__About this task__. Exclude pictures and give again exactly the lines of the listing, beginning with its first line and ending with the one that contains "I'm going to".

__Available data__.
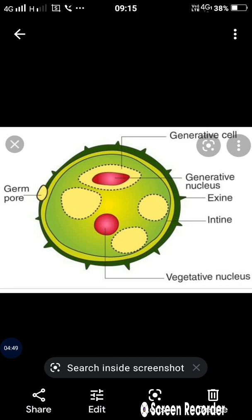That thin portion is called a germ pore. In the outer layer, the germ pore is visible, and in this layer it has a very thin portion so that it can be useful for the breakdown of the outer wall.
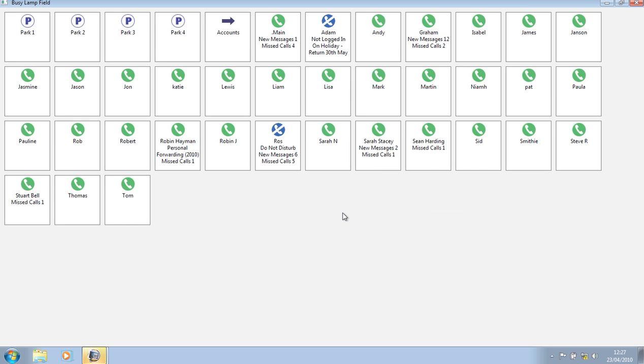I now receive a call coming into the main number, quickly followed by another call, and I can see that with the bracketed 2.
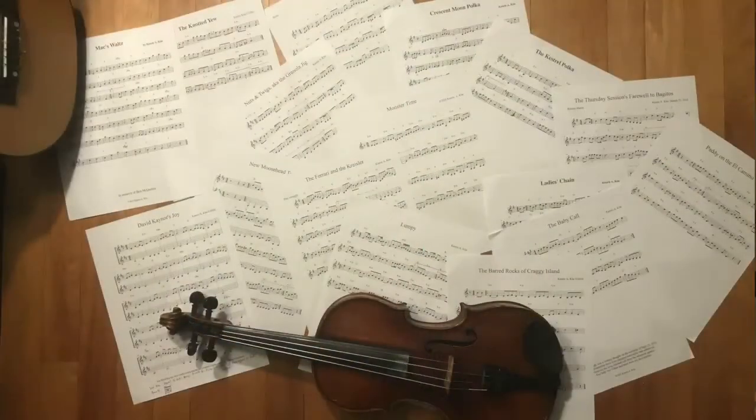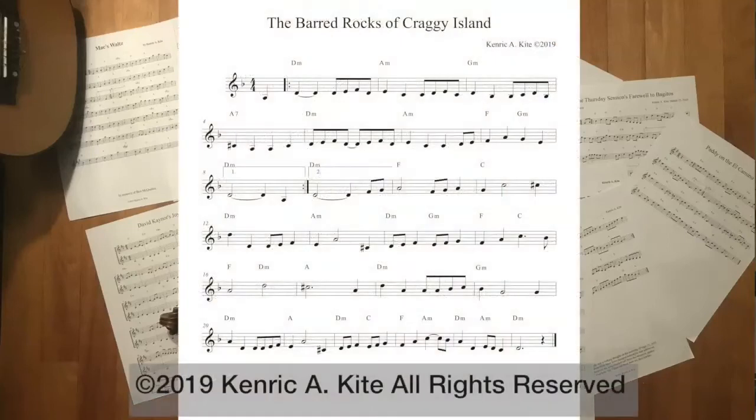I'm going to play a tune that I've composed called 'The Barred Rocks of Craggy Island.' It is in D minor, it's four-four, and it has a one-beat pickup, and that pickup is on the low A. So the tune starts on low A and then goes to a D: one, two, three, four, one, two, three.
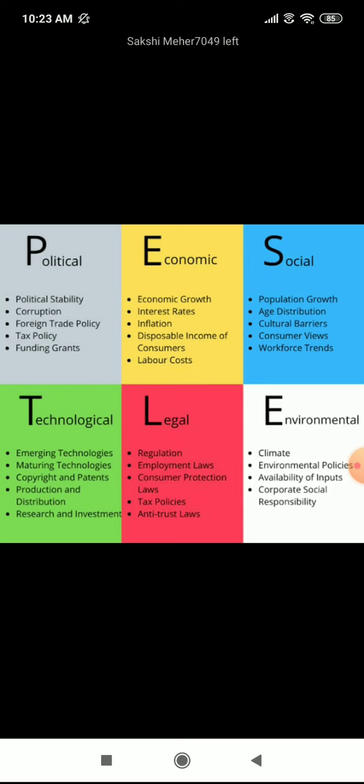In India there is so much bribery and corruption even today. The government keeps changing laws — for example, if someone is manufacturing firecrackers, the Delhi government recently banned their sale, so those industries are again affected. Similarly, Maharashtra banned polythene, so plastic companies were shut down. Due to decisions by political parties, businesses are affected. Same way, the economic environment matters — economic growth, interest rates, all impact business.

__Written solution__.
That thin portion is called a germ pore. In the outer layer, the germ pore is visible, and in this layer it has a very thin portion so that it can be useful for the breakdown of the outer wall.
I now receive a call coming into the main number, quickly followed by another call, and I can see that with the bracketed 2.
I'm going to play a tune that I've composed called 'The Barred Rocks of Craggy Island.' It is in D minor, it's four-four, and it has a one-beat pickup, and that pickup is on the low A. So the tune starts on low A and then goes to a D: one, two, three, four, one, two, three.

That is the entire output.